Going to create applications for ZTEX 1.15y Multi-FPGA boards that would communicate at USB 2.0 speed? Using ztex_inouttraffic as a starting point, you will save weeks, skip studying timing diagrams, bits in various registers and hangups.
- C library to operate Ztex multi-FPGA boards at high-speed (up to 20-30 Mbytes/s) and corresponding firmware for USB device controller;
- example FPGA application (Verilog), example host software in C.
ztex.c - contains functions from original ztex.java library. Works with any firmware developed with Ztex SDK. Includes upload of firmware, bitstream, select individual fpga, reset given fpga to its pre-configuration state etc. Some functions such as write into onboard flash are not implemented - you can do that using FWLoader from Ztex SDK.

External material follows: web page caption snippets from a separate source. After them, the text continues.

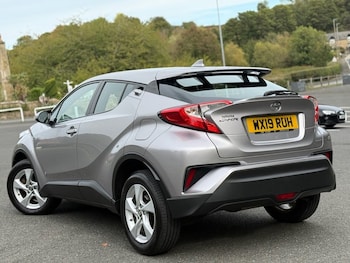 Used Toyota C-HR 2019 for sale - 76338378: Photo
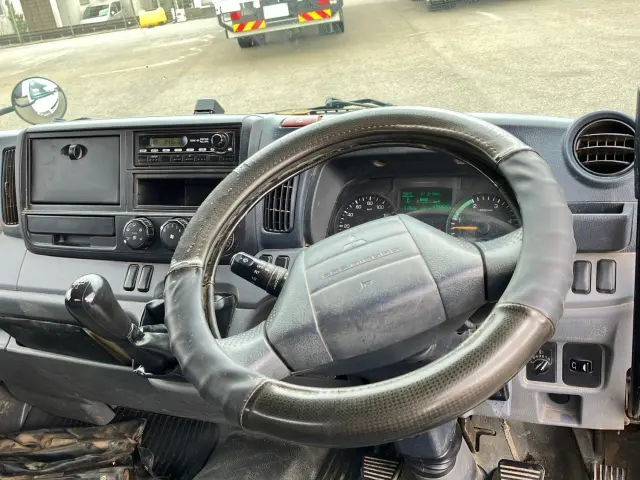 三菱 キャンター TKG-FBA30(2WD)の写真21
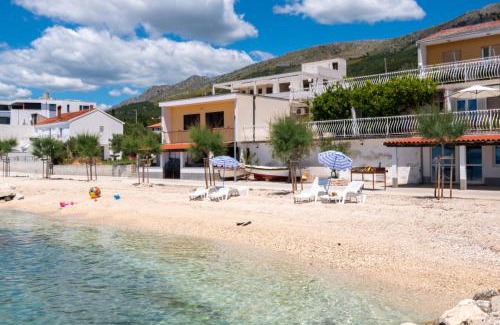 Podstrana Bed & Breakfast | Beachfront rooms Adriatic with breakfast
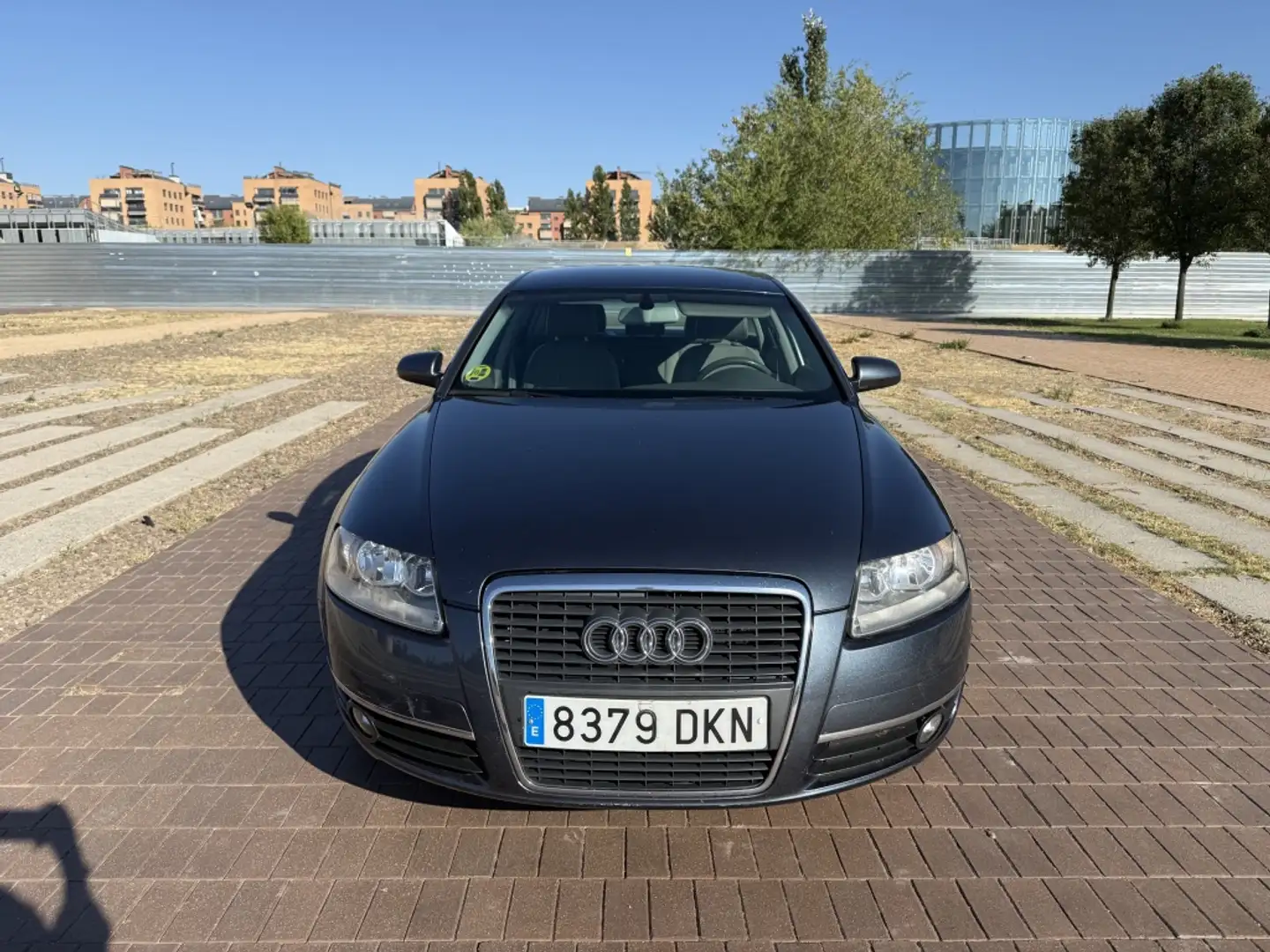 Audi A6 2.4 V6 Gris - 2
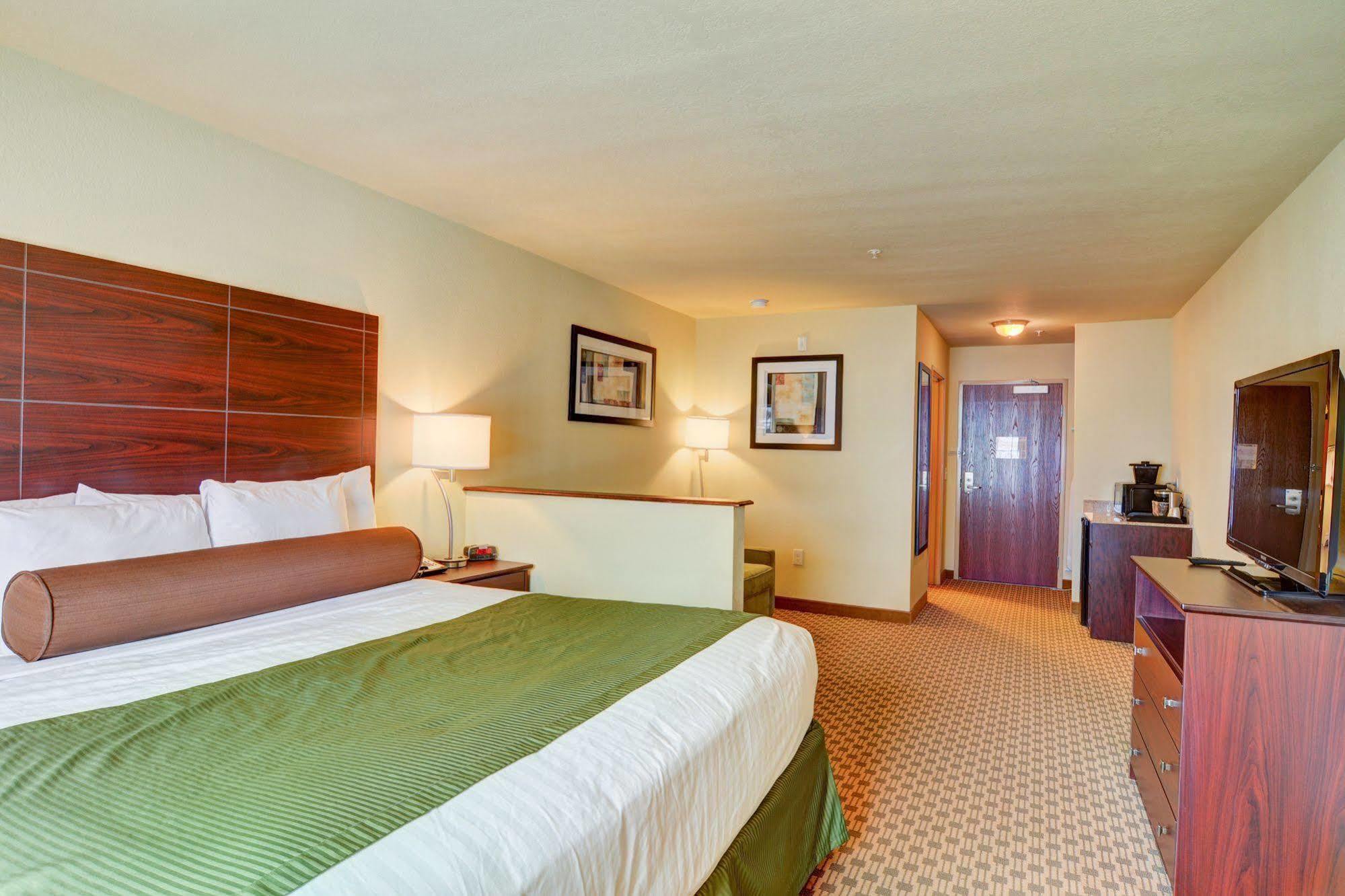 Cobblestone Hotel & Suites - Punxsutawney Екстериор снимка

inouttraffic.c - contains functions for input/output at high-speed. Uses ztex.c. There must be inouttraffic.ihx firmware that implement those operations, and corresponding bitstream (built base on top-level HDL module ztex_inouttraffic.v). (*)

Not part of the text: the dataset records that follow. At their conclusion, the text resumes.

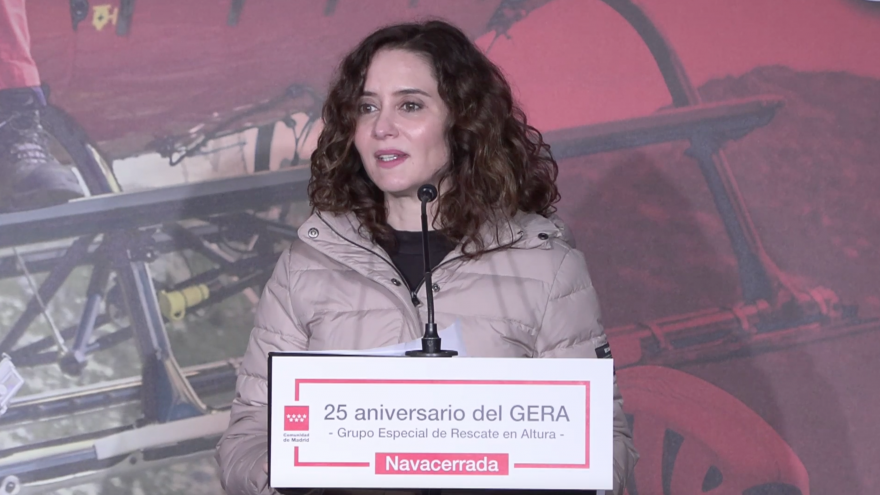 Texto Alternativo: Díaz Ayuso celebra los 25 años de trabajo del Grupo de Rescate en Altura de la Comunidad de Madrid, un “equipo de élite reconocido en toda España”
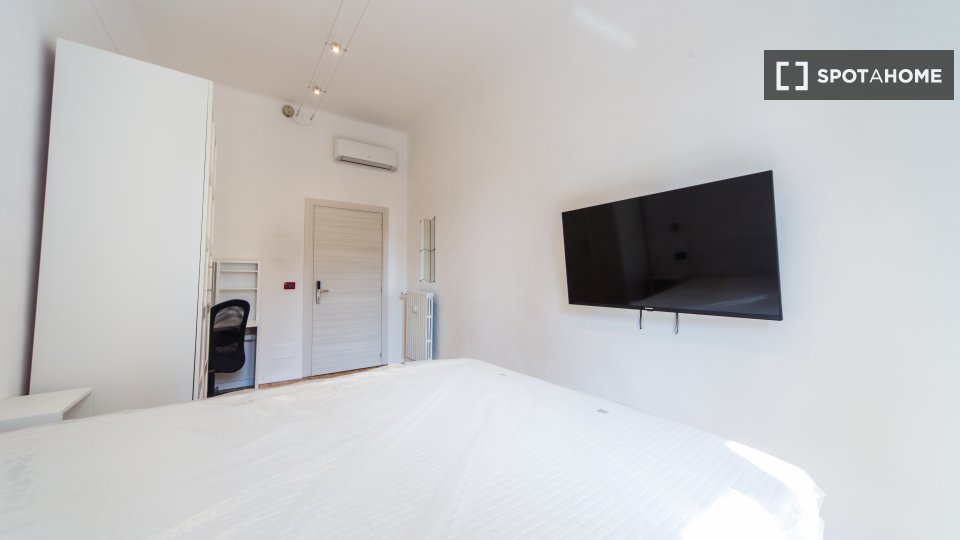 Double room Turin, 3 beds, 85m² — photo 14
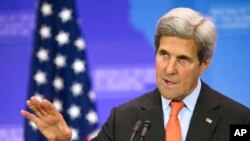 Ngoại trưởng Mỹ John Kerry phát biểu trong 1 cuộc họp báo sau hội nghị của liên minh chống IS tại Bộ Ngoại giao ở Washington, 21/7/2016.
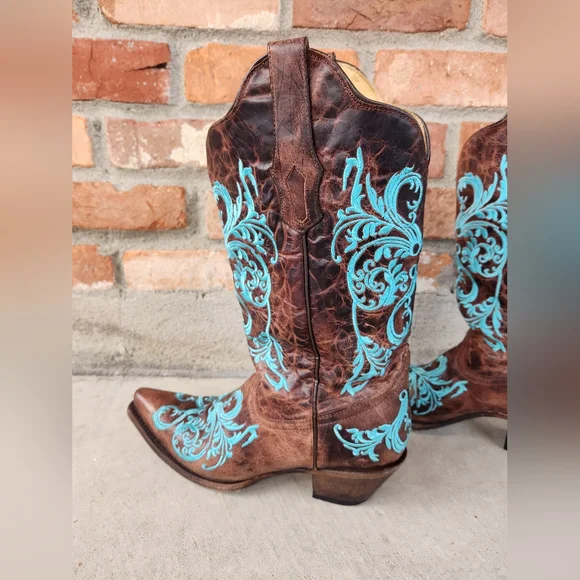 Corral brown with aqua design cowboy boots. Size 10M - Picture 8 of 13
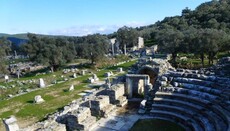 В Турции древний город с руинами монастыря продают за $ 8 000 000
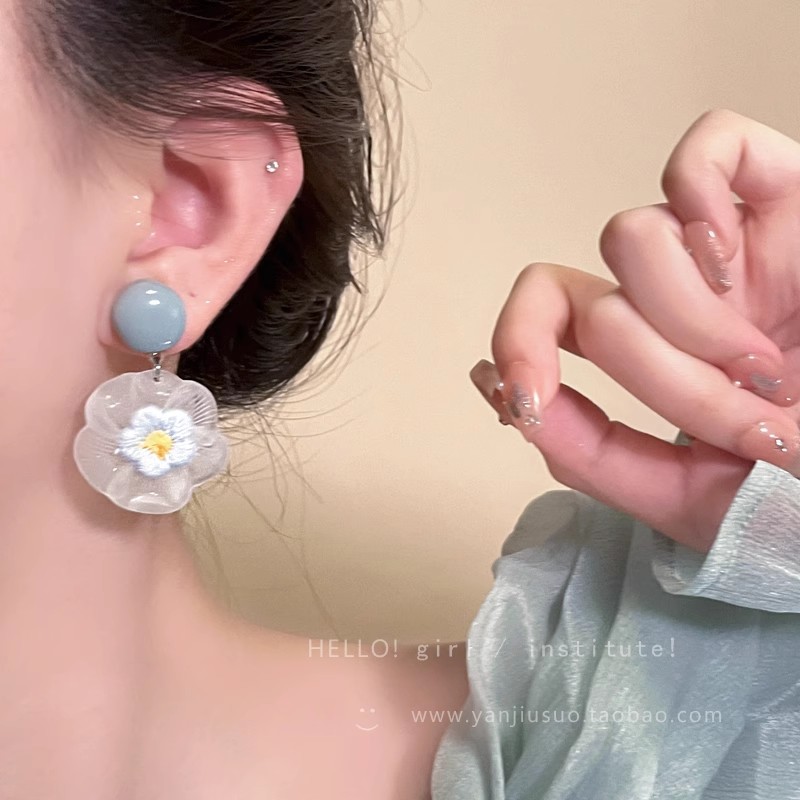 Light luxury and high-end transparent flower earrings, unique and niche for women, exaggerated round face slimming earrings, refreshing summer stud earrings Application Scenario
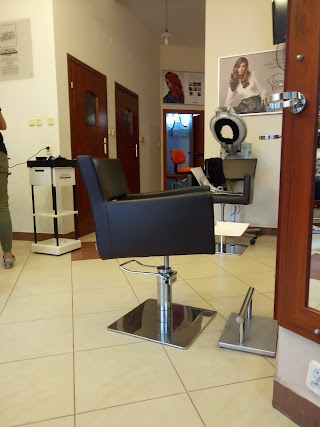 Salon Fryzjerski, fryzjer, kosmetyczka, solarium Marki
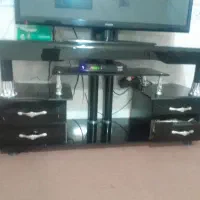 میز تلویزیون شیشه ای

pkt_comm.c - functions and data structures used to communicate with fpgas in a sequence of application packets. Dependent on type, packet from the host goes into a pre-defined subsystem of fpga application. Similarily, data received from fpga aren't raw bytes with no start or end; pieces of data are organized as packets with properties such as ID, length, type, etc. and appear at application developer's hand as described in header files. This requires pkt_comm.v HDL module built on top of ztex_inouttraffic.v. (**)
device.c - contains top-level functions for application developer. That includes: search, detection and initialization of boards; read/write at high-speed using pkt_comm. Operates many boards with single function call.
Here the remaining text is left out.